## Problem description
In the records below, find each line with "Metal" and copy it.

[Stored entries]
-- Opening Marker --
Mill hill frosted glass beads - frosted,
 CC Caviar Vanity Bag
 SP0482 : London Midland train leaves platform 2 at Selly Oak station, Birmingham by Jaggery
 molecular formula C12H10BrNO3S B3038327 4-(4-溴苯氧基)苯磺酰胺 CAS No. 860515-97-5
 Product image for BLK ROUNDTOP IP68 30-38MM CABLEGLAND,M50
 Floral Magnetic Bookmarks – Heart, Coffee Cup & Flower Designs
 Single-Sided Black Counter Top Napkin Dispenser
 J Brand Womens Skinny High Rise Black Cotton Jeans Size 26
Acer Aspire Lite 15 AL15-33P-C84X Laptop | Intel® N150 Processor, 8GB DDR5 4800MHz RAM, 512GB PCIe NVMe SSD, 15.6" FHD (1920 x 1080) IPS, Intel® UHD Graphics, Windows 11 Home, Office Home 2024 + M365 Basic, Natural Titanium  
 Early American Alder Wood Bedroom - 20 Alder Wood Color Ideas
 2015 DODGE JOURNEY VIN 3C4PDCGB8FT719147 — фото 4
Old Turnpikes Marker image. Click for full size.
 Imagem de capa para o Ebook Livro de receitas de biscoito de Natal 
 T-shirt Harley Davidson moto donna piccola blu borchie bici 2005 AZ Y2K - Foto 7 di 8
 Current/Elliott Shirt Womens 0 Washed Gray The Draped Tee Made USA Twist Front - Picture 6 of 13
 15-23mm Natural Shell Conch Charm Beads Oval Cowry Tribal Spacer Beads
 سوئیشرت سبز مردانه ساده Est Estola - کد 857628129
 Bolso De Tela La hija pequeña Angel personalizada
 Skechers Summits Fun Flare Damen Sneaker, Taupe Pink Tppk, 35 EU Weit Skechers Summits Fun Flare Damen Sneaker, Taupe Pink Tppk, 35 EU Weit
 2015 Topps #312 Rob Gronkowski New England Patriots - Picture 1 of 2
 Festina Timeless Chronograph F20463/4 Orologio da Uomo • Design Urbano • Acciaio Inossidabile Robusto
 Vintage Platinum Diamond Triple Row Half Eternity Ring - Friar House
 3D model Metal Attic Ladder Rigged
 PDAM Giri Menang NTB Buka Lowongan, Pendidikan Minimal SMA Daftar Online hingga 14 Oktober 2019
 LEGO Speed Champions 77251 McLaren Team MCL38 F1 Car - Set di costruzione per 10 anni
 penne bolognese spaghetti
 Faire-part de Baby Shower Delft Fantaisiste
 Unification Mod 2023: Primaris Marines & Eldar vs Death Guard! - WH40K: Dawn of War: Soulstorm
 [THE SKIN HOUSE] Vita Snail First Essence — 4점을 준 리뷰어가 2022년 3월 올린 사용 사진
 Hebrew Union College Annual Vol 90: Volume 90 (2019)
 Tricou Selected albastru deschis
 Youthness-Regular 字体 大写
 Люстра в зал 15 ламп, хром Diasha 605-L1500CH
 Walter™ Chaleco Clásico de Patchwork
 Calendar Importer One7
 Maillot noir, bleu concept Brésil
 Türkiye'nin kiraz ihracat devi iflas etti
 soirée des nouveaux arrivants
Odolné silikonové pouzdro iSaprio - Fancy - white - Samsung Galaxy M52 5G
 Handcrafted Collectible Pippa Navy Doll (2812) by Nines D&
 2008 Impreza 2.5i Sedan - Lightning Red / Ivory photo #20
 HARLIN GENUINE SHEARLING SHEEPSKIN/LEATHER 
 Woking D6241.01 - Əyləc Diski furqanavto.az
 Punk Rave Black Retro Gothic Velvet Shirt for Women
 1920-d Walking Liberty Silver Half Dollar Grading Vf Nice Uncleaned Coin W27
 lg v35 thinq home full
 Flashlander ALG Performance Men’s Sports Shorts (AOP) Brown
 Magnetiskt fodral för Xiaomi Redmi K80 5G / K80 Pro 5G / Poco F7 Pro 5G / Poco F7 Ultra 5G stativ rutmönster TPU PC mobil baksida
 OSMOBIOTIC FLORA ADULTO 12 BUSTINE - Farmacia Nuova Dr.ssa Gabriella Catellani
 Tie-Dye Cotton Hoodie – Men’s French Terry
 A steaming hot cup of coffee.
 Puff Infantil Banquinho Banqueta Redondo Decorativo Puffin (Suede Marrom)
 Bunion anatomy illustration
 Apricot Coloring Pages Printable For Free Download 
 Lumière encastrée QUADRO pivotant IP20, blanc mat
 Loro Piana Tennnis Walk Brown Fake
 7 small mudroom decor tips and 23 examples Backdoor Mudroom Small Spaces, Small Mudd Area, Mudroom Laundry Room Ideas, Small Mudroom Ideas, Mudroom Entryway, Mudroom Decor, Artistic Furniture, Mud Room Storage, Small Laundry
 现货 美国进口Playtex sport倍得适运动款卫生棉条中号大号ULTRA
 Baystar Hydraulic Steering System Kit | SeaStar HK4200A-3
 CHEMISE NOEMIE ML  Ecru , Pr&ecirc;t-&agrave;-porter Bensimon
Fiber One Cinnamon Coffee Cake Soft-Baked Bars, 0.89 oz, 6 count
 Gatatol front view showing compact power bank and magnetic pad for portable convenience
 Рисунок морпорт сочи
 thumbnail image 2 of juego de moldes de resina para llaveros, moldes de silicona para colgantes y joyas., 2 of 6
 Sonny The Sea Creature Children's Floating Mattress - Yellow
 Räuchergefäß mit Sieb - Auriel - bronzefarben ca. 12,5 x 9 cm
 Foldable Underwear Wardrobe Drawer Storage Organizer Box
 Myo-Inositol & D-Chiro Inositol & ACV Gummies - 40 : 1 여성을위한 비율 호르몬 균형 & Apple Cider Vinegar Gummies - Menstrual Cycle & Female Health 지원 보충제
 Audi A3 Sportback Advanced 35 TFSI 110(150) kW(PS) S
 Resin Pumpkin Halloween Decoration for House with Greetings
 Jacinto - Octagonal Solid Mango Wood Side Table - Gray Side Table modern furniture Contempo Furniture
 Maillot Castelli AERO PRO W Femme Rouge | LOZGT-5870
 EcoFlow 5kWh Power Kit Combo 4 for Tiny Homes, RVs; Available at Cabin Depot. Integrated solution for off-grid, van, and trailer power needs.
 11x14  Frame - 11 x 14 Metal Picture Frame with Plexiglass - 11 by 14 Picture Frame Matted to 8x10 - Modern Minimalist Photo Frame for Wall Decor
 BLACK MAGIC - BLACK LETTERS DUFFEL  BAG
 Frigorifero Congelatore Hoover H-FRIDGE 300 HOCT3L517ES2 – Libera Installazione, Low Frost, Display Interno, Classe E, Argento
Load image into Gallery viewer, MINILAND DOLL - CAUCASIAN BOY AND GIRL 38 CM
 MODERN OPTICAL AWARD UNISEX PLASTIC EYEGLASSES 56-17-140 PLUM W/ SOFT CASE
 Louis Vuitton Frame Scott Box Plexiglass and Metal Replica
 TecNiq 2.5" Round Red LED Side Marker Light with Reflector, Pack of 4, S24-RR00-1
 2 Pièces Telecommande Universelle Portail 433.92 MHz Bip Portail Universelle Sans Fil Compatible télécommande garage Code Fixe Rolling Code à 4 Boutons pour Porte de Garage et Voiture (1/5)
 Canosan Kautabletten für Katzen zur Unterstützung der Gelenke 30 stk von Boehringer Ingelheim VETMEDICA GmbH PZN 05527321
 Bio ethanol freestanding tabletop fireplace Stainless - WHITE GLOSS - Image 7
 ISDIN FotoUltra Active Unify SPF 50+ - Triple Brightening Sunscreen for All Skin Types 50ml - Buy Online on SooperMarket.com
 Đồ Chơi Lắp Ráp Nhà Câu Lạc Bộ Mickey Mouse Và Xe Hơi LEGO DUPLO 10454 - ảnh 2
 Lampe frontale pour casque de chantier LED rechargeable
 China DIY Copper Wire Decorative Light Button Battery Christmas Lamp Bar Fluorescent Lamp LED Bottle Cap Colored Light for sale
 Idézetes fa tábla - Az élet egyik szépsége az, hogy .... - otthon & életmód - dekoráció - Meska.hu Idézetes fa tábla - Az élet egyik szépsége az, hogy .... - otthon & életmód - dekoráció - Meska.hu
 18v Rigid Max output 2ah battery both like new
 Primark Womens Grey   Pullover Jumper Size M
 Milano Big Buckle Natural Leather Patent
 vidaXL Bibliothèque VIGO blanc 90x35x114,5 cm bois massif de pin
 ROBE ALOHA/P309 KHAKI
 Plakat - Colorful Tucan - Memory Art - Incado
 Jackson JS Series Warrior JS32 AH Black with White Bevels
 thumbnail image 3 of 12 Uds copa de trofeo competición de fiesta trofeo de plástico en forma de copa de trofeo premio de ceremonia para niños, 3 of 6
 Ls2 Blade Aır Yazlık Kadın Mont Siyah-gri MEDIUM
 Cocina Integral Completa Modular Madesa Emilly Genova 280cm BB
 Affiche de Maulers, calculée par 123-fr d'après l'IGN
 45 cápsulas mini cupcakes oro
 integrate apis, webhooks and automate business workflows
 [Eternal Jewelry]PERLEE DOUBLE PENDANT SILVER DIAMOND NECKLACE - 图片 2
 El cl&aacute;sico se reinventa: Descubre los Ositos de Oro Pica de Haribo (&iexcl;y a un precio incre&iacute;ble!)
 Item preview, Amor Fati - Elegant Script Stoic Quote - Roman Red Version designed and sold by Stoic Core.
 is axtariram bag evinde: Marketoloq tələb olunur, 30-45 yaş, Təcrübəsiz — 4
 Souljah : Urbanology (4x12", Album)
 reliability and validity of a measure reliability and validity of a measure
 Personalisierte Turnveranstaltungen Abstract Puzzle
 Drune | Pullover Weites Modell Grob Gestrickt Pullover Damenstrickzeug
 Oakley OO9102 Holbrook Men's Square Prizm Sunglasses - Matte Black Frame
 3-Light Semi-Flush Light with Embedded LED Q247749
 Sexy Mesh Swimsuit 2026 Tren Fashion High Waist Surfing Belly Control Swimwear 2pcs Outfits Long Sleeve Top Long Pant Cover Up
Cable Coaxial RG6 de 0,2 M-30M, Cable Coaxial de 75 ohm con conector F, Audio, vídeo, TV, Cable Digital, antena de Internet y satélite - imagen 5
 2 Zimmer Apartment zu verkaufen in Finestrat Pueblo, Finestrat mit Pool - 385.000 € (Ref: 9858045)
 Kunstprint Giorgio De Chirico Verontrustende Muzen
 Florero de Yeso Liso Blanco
-- Closing Marker --
## Result of this exercise
 3D model Metal Attic Ladder Rigged
 11x14  Frame - 11 x 14 Metal Picture Frame with Plexiglass - 11 by 14 Picture Frame Matted to 8x10 - Modern Minimalist Photo Frame for Wall Decor
 Louis Vuitton Frame Scott Box Plexiglass and Metal Replica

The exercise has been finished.